YOUR OBJECTIVE. Could you print exactly the lines from the one that contains "BTTN Stall Shower" to the end of the data, both ends included, and nothing else? Skip the pictures.

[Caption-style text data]
* * *

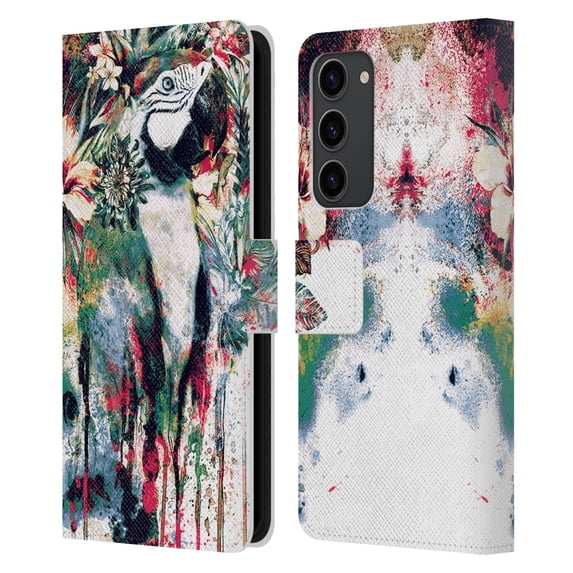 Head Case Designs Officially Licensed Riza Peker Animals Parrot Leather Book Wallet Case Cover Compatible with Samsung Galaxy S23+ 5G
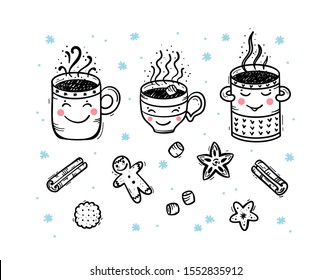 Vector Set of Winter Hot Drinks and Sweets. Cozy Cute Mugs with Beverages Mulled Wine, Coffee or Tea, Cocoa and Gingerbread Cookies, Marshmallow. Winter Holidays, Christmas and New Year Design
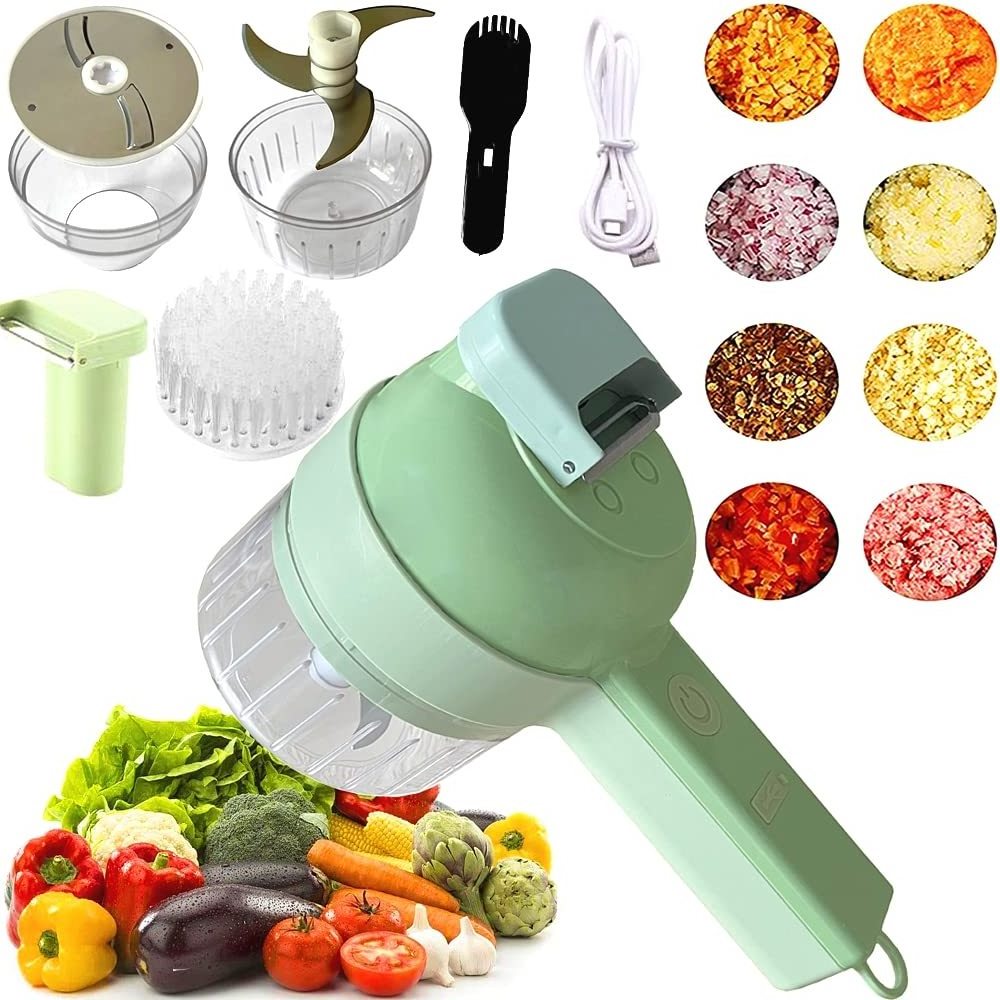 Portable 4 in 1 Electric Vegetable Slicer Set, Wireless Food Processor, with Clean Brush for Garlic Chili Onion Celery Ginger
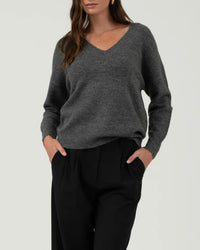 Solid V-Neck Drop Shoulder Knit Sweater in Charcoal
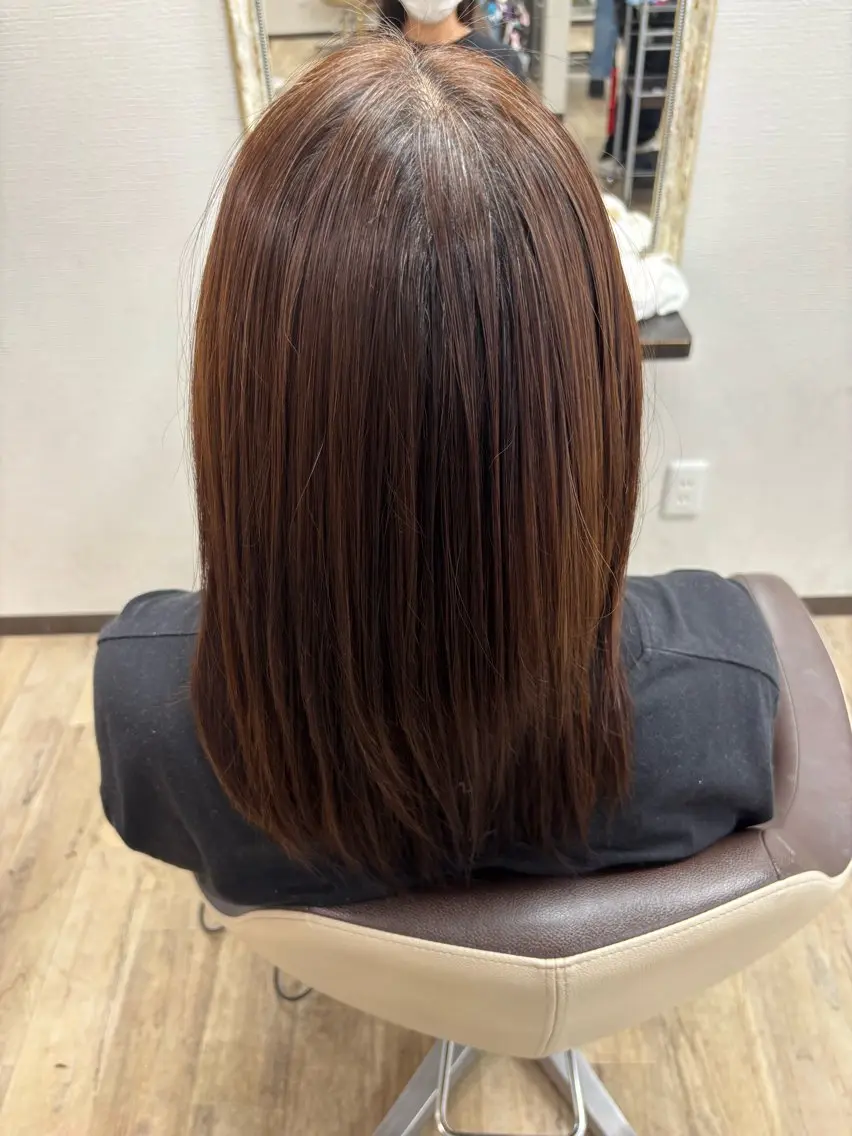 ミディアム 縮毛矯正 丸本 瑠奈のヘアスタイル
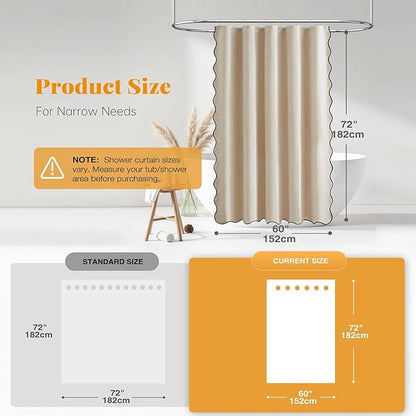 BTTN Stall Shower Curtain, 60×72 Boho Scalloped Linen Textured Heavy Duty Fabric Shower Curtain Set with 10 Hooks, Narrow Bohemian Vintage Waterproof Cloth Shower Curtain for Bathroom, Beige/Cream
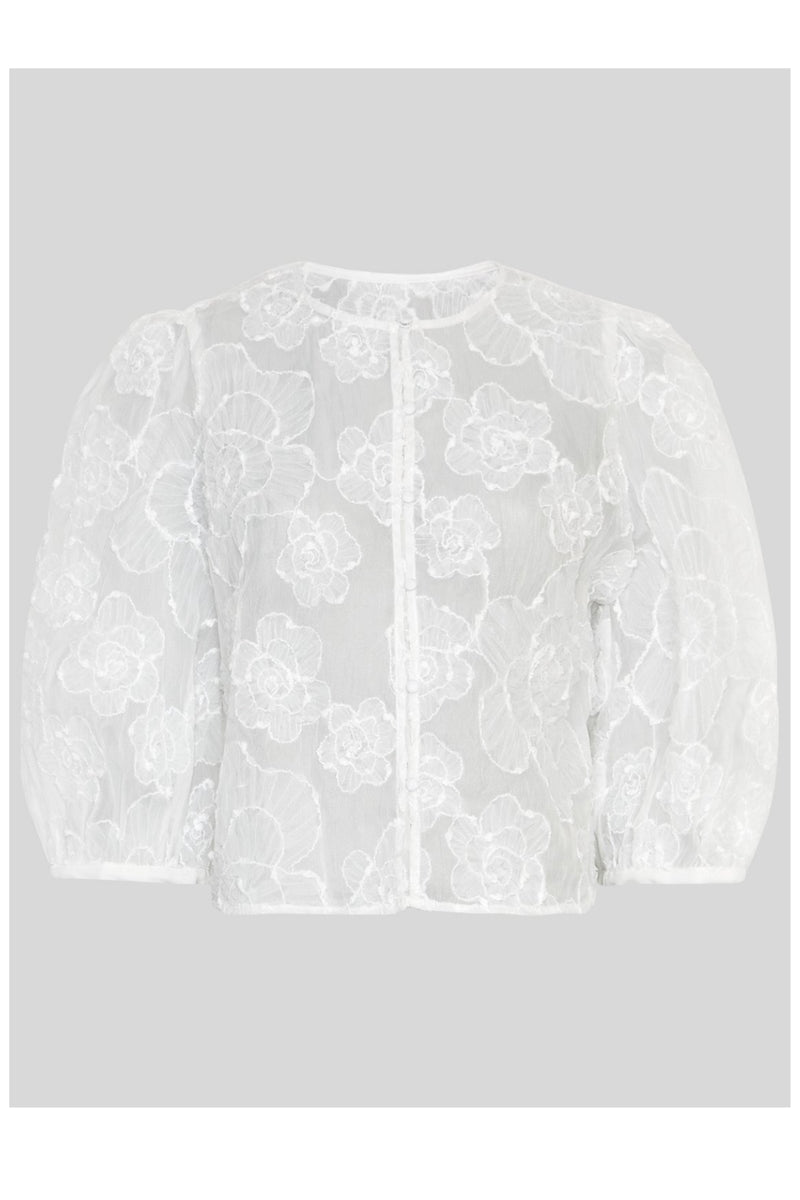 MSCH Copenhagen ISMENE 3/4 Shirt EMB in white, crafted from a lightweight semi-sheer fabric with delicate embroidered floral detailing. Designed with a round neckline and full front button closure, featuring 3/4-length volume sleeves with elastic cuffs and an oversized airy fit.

* * *

ANSWER BOX.
 BTTN Stall Shower Curtain, 60×72 Boho Scalloped Linen Textured Heavy Duty Fabric Shower Curtain Set with 10 Hooks, Narrow Bohemian Vintage Waterproof Cloth Shower Curtain for Bathroom, Beige/Cream
 MSCH Copenhagen ISMENE 3/4 Shirt EMB in white, crafted from a lightweight semi-sheer fabric with delicate embroidered floral detailing. Designed with a round neckline and full front button closure, featuring 3/4-length volume sleeves with elastic cuffs and an oversized airy fit.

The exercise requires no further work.